### Data entries
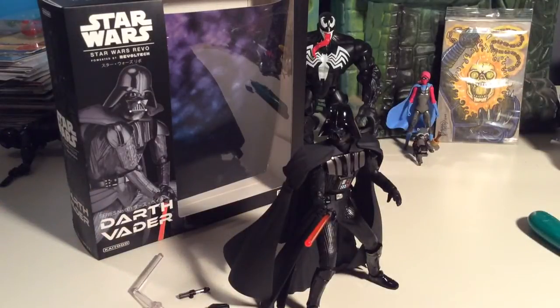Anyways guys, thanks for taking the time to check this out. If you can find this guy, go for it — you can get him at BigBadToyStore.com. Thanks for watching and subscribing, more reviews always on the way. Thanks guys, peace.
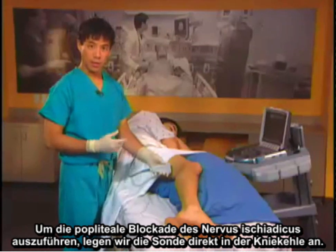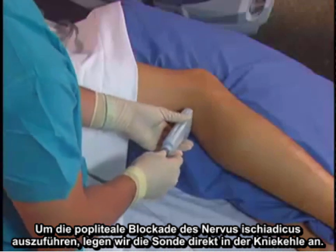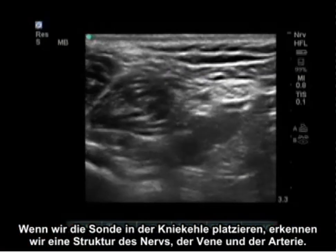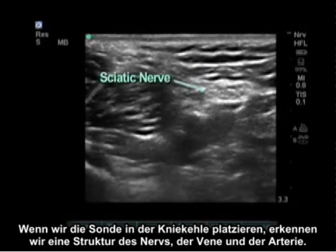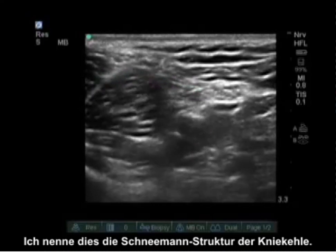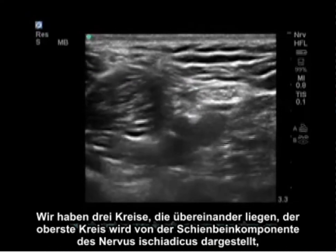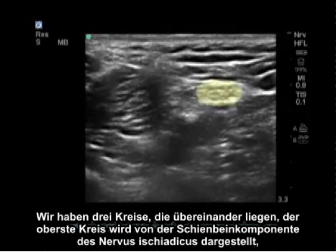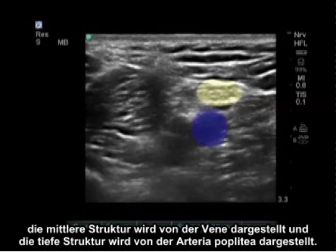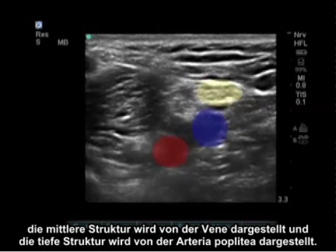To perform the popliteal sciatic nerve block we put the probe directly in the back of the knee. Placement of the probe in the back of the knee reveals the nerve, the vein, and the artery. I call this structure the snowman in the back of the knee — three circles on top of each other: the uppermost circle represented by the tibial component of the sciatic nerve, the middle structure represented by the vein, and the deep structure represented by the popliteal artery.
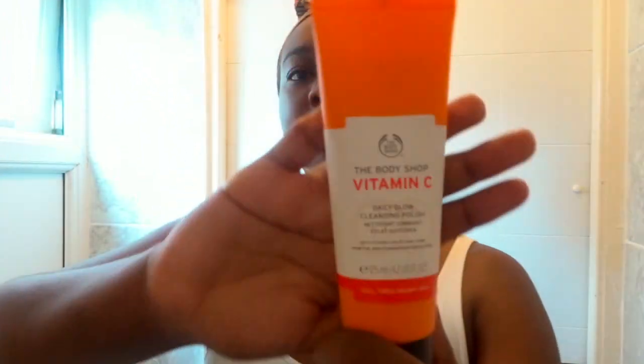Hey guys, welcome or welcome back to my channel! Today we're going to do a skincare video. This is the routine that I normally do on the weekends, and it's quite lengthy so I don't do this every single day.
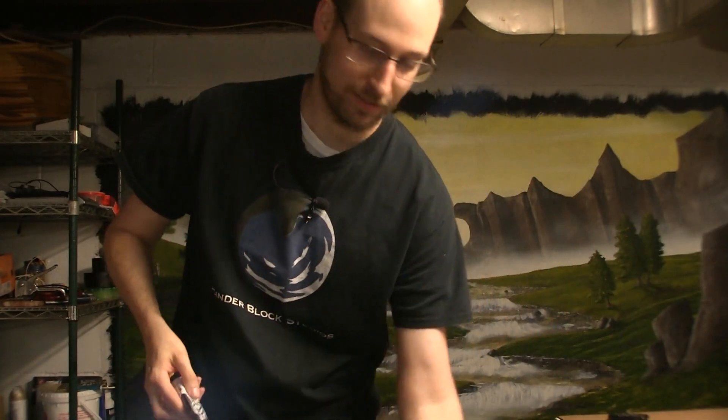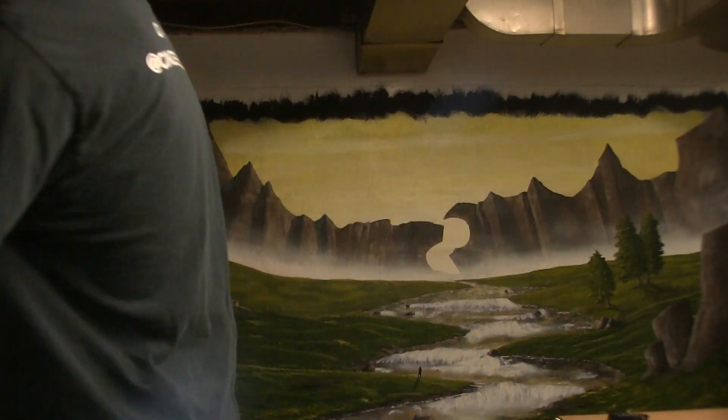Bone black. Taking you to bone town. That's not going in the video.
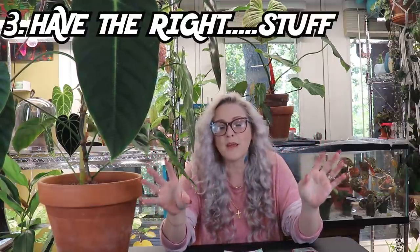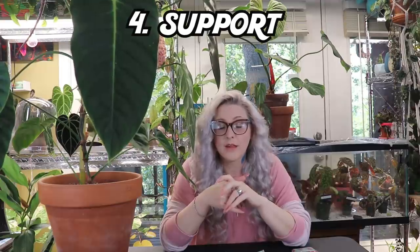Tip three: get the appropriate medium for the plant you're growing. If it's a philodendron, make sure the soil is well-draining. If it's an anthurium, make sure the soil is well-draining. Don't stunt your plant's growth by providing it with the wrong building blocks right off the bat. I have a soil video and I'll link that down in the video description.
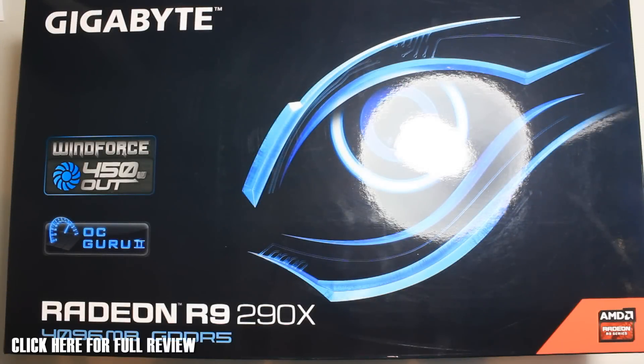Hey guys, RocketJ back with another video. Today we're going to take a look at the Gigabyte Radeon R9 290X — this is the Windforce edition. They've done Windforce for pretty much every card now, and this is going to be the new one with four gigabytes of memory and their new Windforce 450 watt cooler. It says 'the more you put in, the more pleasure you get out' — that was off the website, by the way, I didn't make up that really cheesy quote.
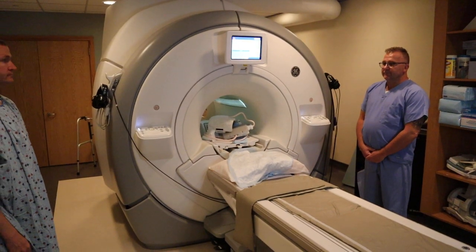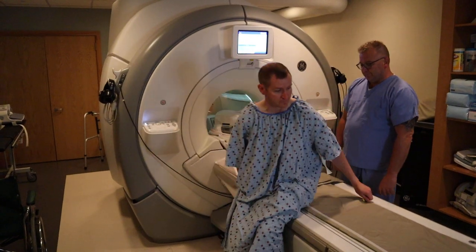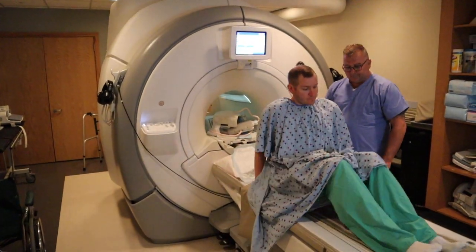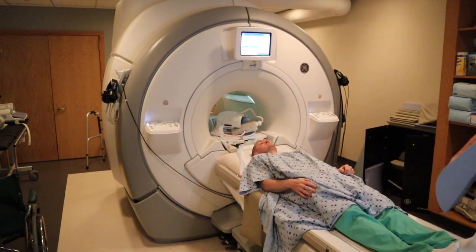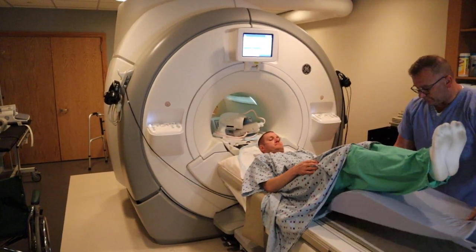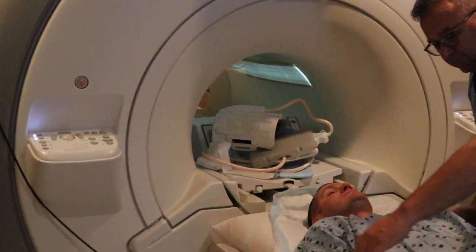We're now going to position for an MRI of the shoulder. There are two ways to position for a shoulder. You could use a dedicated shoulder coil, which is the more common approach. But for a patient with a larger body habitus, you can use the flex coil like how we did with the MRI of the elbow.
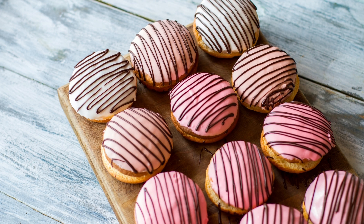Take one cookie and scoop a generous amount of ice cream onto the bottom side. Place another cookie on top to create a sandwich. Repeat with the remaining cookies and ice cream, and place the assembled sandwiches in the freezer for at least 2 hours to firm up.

### WORK REQUEST
Hand back the data above exactly, leaving out all pictures.

### RESPONSE AREA
Anyways guys, thanks for taking the time to check this out. If you can find this guy, go for it — you can get him at BigBadToyStore.com. Thanks for watching and subscribing, more reviews always on the way. Thanks guys, peace.
To perform the popliteal sciatic nerve block we put the probe directly in the back of the knee. Placement of the probe in the back of the knee reveals the nerve, the vein, and the artery. I call this structure the snowman in the back of the knee — three circles on top of each other: the uppermost circle represented by the tibial component of the sciatic nerve, the middle structure represented by the vein, and the deep structure represented by the popliteal artery.
Hey guys, welcome or welcome back to my channel! Today we're going to do a skincare video. This is the routine that I normally do on the weekends, and it's quite lengthy so I don't do this every single day.
Bone black. Taking you to bone town. That's not going in the video.
Tip three: get the appropriate medium for the plant you're growing. If it's a philodendron, make sure the soil is well-draining. If it's an anthurium, make sure the soil is well-draining. Don't stunt your plant's growth by providing it with the wrong building blocks right off the bat. I have a soil video and I'll link that down in the video description.
Hey guys, RocketJ back with another video. Today we're going to take a look at the Gigabyte Radeon R9 290X — this is the Windforce edition. They've done Windforce for pretty much every card now, and this is going to be the new one with four gigabytes of memory and their new Windforce 450 watt cooler. It says 'the more you put in, the more pleasure you get out' — that was off the website, by the way, I didn't make up that really cheesy quote.
We're now going to position for an MRI of the shoulder. There are two ways to position for a shoulder. You could use a dedicated shoulder coil, which is the more common approach. But for a patient with a larger body habitus, you can use the flex coil like how we did with the MRI of the elbow.
Take one cookie and scoop a generous amount of ice cream onto the bottom side. Place another cookie on top to create a sandwich. Repeat with the remaining cookies and ice cream, and place the assembled sandwiches in the freezer for at least 2 hours to firm up.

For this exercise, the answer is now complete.